The simplest possible scheme for our purposes would be a simple list of {module name, file name} pairs, with all conditional processing done by some other means, such as M4. This could work, but M4 is Turing-complete, and it would be nice to have something simpler.

Grammar

configuration = (inclusion | var-def | search-def)* default? module-def*

inclusion = "<" file-name

var-def = uc-identifier ( "|" guard "=" expression )+
        | uc-identifier "=" expression

guard = guard "&&" guard
      | guard "||" guard
      | "~" guard
      | "(" guard ")"
      | expression relop expression

expression = expression "+" expression
           | expression "-" expression
           | "(" expression ")"
           | lc-identifier
           | number
           | uc-identifier

search-def = "$" uc-identifier ( "|" guard "=" search-list )+
           | "$" uc-identifier "=" search-list

search-list = (search-list ",")? file-name

file-name = "/"? file-part ("/" file-part)* ("(" file-part ")")?
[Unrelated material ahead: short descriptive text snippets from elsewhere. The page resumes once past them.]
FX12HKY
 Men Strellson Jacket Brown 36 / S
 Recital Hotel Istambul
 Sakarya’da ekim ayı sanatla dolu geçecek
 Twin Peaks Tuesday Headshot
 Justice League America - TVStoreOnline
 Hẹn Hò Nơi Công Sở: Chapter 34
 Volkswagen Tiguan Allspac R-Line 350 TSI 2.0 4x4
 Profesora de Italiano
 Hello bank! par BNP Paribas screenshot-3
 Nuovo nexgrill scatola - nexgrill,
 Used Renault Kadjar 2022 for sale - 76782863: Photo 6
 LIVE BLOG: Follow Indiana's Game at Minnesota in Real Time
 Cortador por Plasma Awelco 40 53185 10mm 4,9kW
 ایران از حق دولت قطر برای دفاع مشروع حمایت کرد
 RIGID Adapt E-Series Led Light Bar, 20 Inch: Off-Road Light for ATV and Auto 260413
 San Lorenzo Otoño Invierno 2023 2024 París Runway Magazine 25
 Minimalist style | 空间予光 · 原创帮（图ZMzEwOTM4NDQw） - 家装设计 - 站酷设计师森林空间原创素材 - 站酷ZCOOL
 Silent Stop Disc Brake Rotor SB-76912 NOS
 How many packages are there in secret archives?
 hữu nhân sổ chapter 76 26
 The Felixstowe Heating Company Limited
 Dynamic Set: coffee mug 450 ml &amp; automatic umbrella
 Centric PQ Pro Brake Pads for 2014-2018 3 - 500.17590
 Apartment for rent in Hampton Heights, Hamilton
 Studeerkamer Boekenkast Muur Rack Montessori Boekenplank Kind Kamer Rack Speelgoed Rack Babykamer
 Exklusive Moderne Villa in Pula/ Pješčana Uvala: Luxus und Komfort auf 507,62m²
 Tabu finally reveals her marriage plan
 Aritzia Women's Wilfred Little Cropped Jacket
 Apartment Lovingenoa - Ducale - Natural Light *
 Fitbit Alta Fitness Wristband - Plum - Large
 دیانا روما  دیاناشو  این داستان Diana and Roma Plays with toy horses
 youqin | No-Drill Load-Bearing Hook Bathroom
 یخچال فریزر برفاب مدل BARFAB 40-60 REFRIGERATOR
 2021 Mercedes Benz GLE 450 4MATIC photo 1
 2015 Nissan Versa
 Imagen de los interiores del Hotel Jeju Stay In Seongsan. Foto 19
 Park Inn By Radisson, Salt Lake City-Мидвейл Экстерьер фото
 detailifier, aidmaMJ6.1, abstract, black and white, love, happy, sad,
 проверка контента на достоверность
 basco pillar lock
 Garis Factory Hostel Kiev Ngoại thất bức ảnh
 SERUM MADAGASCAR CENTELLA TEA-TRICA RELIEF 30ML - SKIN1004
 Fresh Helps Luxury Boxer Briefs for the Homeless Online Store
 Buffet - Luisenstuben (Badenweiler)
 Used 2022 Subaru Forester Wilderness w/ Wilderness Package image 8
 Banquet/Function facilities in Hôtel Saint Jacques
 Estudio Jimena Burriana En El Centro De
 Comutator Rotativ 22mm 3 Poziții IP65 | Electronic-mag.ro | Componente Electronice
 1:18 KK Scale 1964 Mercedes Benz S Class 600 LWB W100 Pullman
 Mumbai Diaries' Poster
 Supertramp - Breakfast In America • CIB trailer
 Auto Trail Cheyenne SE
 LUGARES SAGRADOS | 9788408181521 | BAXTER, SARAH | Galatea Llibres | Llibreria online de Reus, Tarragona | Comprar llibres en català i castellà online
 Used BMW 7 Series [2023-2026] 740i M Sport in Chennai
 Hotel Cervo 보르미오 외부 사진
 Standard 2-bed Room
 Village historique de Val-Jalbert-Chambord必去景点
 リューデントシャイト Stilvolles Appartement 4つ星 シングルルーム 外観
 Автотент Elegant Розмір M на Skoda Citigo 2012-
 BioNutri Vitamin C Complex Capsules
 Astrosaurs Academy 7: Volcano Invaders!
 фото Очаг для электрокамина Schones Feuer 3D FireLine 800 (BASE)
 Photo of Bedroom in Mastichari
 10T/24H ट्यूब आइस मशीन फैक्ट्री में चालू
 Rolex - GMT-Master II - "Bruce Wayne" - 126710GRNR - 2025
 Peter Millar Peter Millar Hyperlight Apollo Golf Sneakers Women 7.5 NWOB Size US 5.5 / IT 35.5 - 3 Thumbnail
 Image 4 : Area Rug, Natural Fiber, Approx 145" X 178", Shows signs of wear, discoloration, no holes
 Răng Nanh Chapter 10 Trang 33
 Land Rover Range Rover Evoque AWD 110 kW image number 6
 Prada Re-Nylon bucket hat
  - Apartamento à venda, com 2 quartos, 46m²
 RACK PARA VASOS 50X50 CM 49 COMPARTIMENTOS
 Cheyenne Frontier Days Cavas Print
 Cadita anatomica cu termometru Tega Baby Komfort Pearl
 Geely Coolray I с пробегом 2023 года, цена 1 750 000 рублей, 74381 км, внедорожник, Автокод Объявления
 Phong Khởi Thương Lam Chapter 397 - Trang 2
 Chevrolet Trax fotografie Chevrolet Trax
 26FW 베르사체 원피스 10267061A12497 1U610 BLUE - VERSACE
file-part = regular-file-part "." simple-file-part
          | regular-file-part

regular-file-part = (regular-file-part "++")? (simple-file-part | "*")

simple-file-part = lc-identifier
                 | uc-identifier
                 | "$" uc-identifier
                 | string

default = "*" = search-list

module-def = lc-identifier ( "|" guard "=" module-rhs )+
           | lc-identifier "=" module-rhs

module-rhs = search-list children?
           | children

children = "{" search-def* default child-def* "}"
         | "{" search-def*         child-def+ "}"

child-def = child-name ( "|" guard "=" child-rhs )+
          | child-name

child-name = ("." (lc-identifier | uc-identifier))+

child-rhs = module-rhs

A file-part may only contain a "*" if it is in the search list of a default. A default rule says that unless overridden by a later rule, a module is to be sought by substituting its name for the "*" in the search list.

A module-rhs may omit the search-list only when there is a default; an omitted search-list means to use the default fule.

Example:

$STDLIB = lib/stdlib/src
$ERL    = erl

lists = $STDLIB/lists.$ERL {
    $LISTS = $STDLIB/lists.d
    .deprecated = $LISTS/old_stuff.$ERL
    .sorting    = $LISTS/sorting  .$ERL
}
...

Example with defaults:

$STDLIB = lib/stdlib/src
$ERL    = erl

* = $STDLIB/*.$ERL
lists = {
    $LISTS = $STDLIB/lists.d
    * = $LISTS/*.$ERL
    .deprecated = $LISTS/old_stuff.$ERL
    % .sorting is handled by the inner default
}
% sets is handled by the outer default
...

Basically, a configuration file is a back-to-front lazy functional program, because there are no mutable data structures. Lazy, because nothing is evaluated until it is needed. Evaluation is driven by first processing the tops of all the module declarations, and then looking up the children of those modules as they are demanded by the compiler. Back-to-front, because the usual approach in functional languages is that the first declaration wins, while here the last rule to match any need is used. This ordering is chosen so that inclusions, going at the front, can be over-ridden by later definitions.

File names use slashes, but those slashes are operators, not literal text. Whether they map to "/", to "\", to ":", or even whether /a/b/c maps to [a.b]c, is system-dependent. In the same way, "." precedes an "extension" (also known as a file type), and whether that maps to "." or to ";" or to something else is system-dependent. Code may be kept in plain or compressed archives (Unix ".a", ".zip", ".jar", and so on, or MVS partitioned data sets), and the "(" ")" part of a file name refers to selecting a member from such a file. For example, we might have

$MYLIB = lib/otago/raok.zip
* = $MYLIB(*)

Identifiers in simple-file-parts beginning with a lower case letter are literal text. Identifiers beginning with an upper case letter are meant for "wild-card" child module matching. Identifiers preceded by a $ sign are path names.

Conditional selection uses Haskell syntax.

An inclusion says to simply copy all the definitions in the included file.